Net income, however, dropped 35 percent to P3.3 billion as the bank absorbed credit costs from new customers and one-off investments aimed at strengthening its operations and customer platforms.
Management’s view
“As we continue our efforts to grow our customer base, we are also ensuring we enhance operational resilience to be able to deliver our desired customer experience. These strategic moves come with upfront costs booked in [the first half of] 2025,” UnionBank president and CEO Ana Aboitiz Delgado said in a stock exchange filing.

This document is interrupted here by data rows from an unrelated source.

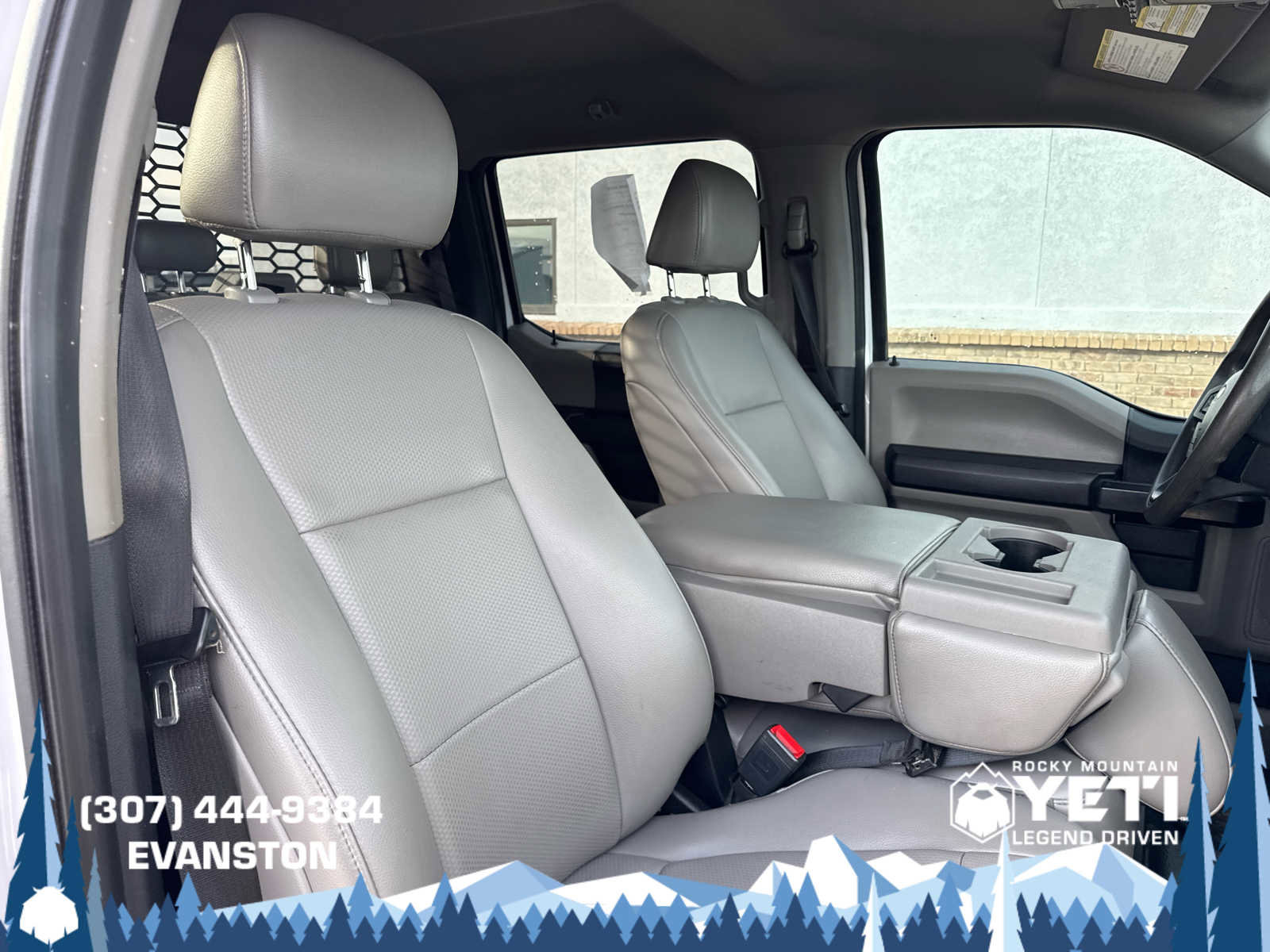 Used 2021 Ford F350 XL w/ Power Equipment Group AWD/4WD image 15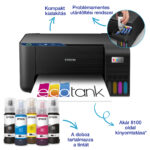 Epson EcoTank L3231 színes tintasugaras A4 MFP - Image 2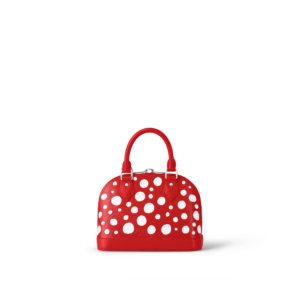 Tui Louis Vuitton x Yk Alma Bb Bag 'Red White Dots' M21698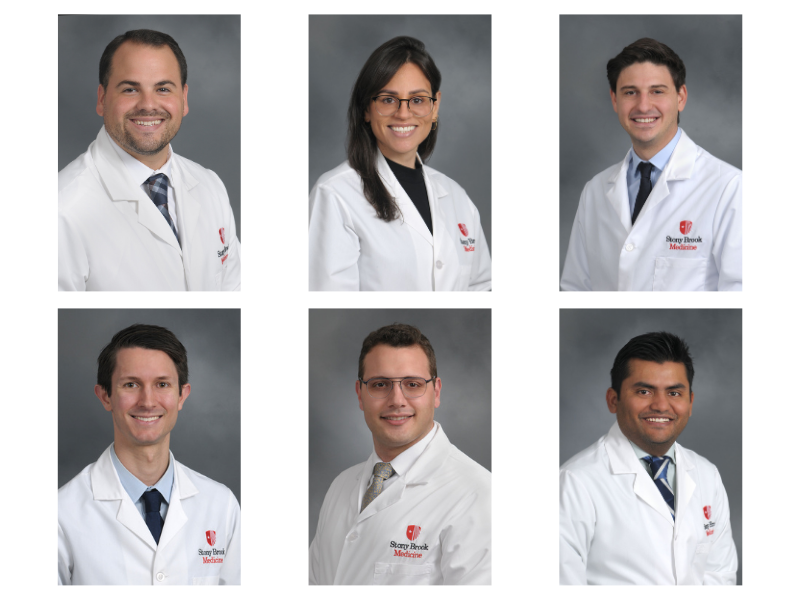 2025-26 Vascular Surgery Residents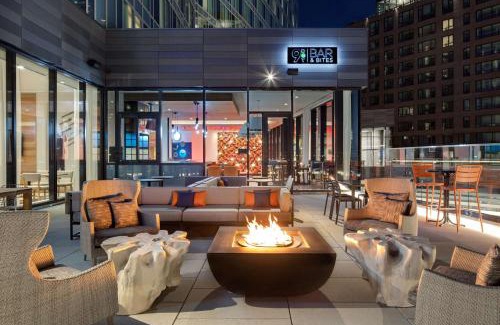 Seaport District Hotel | Hyatt Place Boston/Seaport District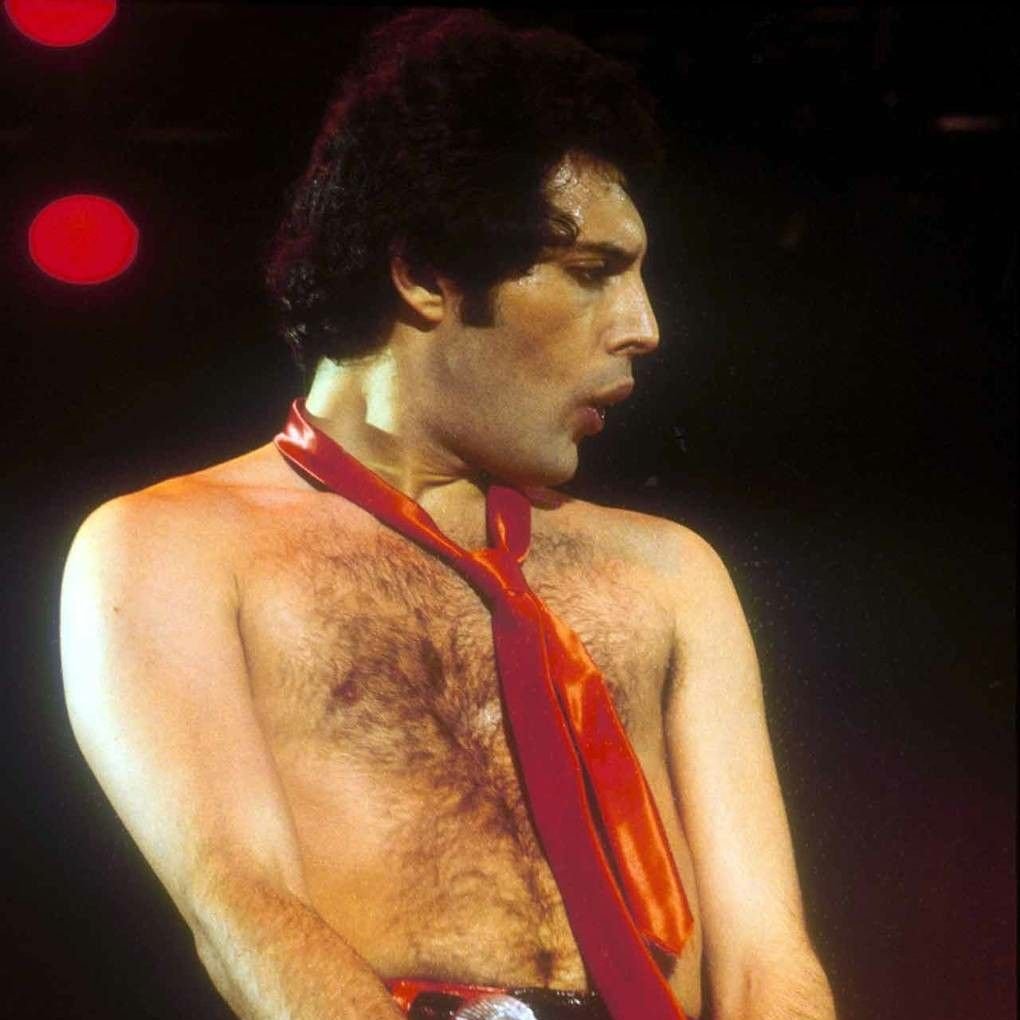 ★☆☽Freddie Mercury - RedRed is the color of love, energy, heat, and passion. Freddie represents that perfectly in the sense that he was flamboyant and cared for everyone around him.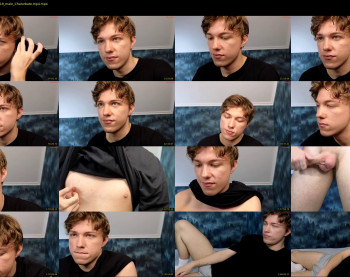 markshot_ — 121 minute Chaturbate male cam show recording, 720p, Nov 12, 2025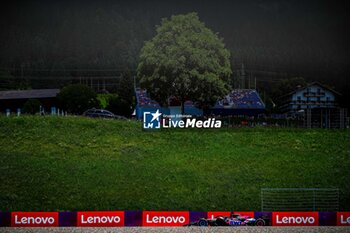 2024-06-28 - 31 Esteban Ocon, (FRA) Alpine F1 Team during the Austrian GP, Spielberg 27-30 June 2024, Formula 1 World championship 2024. - FORMULA 1 QATAR AIRWAYS AUSTRIAN GRAND PRIX 2024 - PRESS CONFERENCE - FORMULA 1 - MOTORS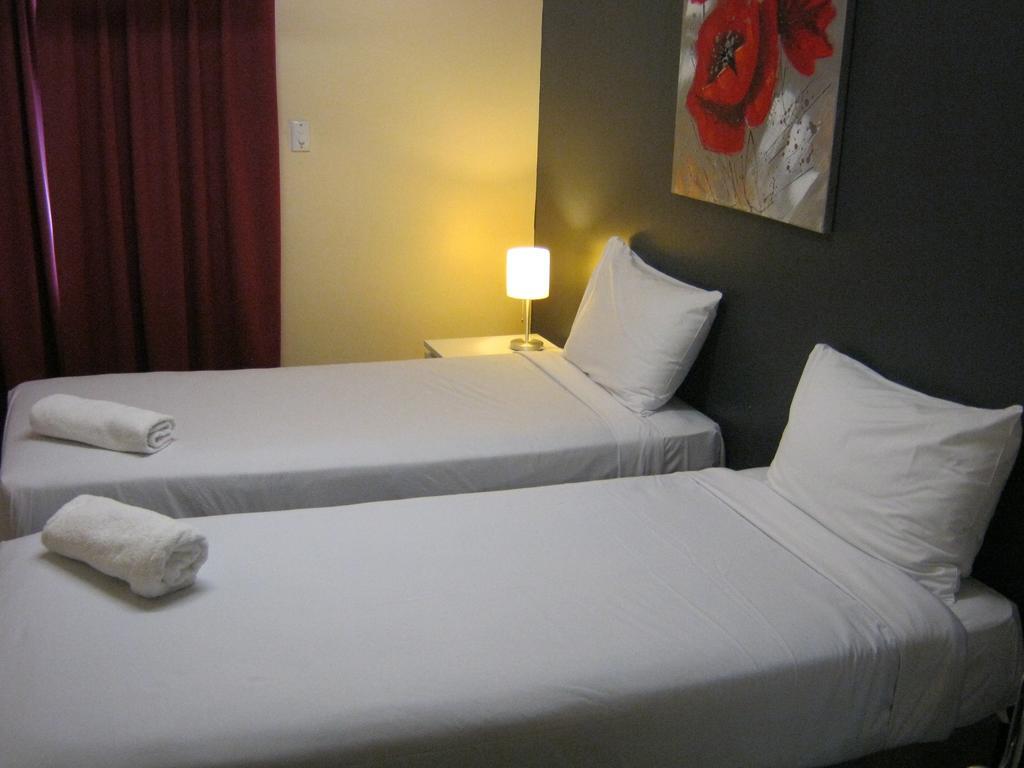 Perth Central City Stay Apartment Hotel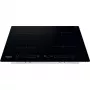 Whirlpool WS S4060 BF Black įmontuojama 60 cm zoninė indukcinė kaitlentė 4 zonos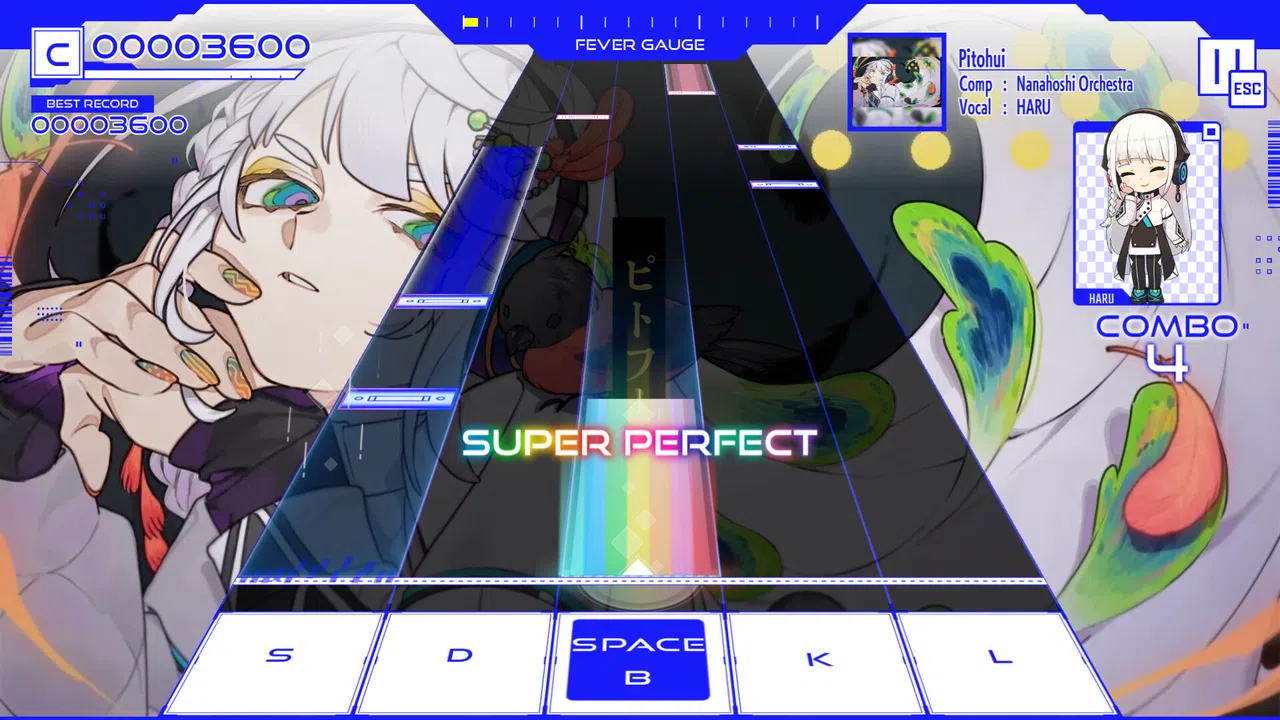 KAMITSUBAKI CITY ENSEMBLE - Extension Pack No.8  feat. V.I.P Screenshot 3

“This positions us to better reflect the bank’s true performance moving forward. Our topline has consistently shown an encouraging trend, and with lower costs ahead, we anticipate improved net income in the coming months. These efforts position the Bank for a more resilient, sustainable, and accelerated trajectory as we enter the next phase of our growth journey,” she added.
Interest earnings grew
Net interest income was boosted by a 61-basis point improvement in net interest margin to 6.4 percent, driven by strong credit card and personal loan growth.
Fee income climbed 17.1 percent as UnionBank’s retail customer base grew to 18 million, lifting transaction volumes and pushing its fees-to-assets ratio among the highest in the industry.
The bank’s current and savings account ratio improved to 65.2 percent, cutting funding costs and reinforcing its transaction banking base.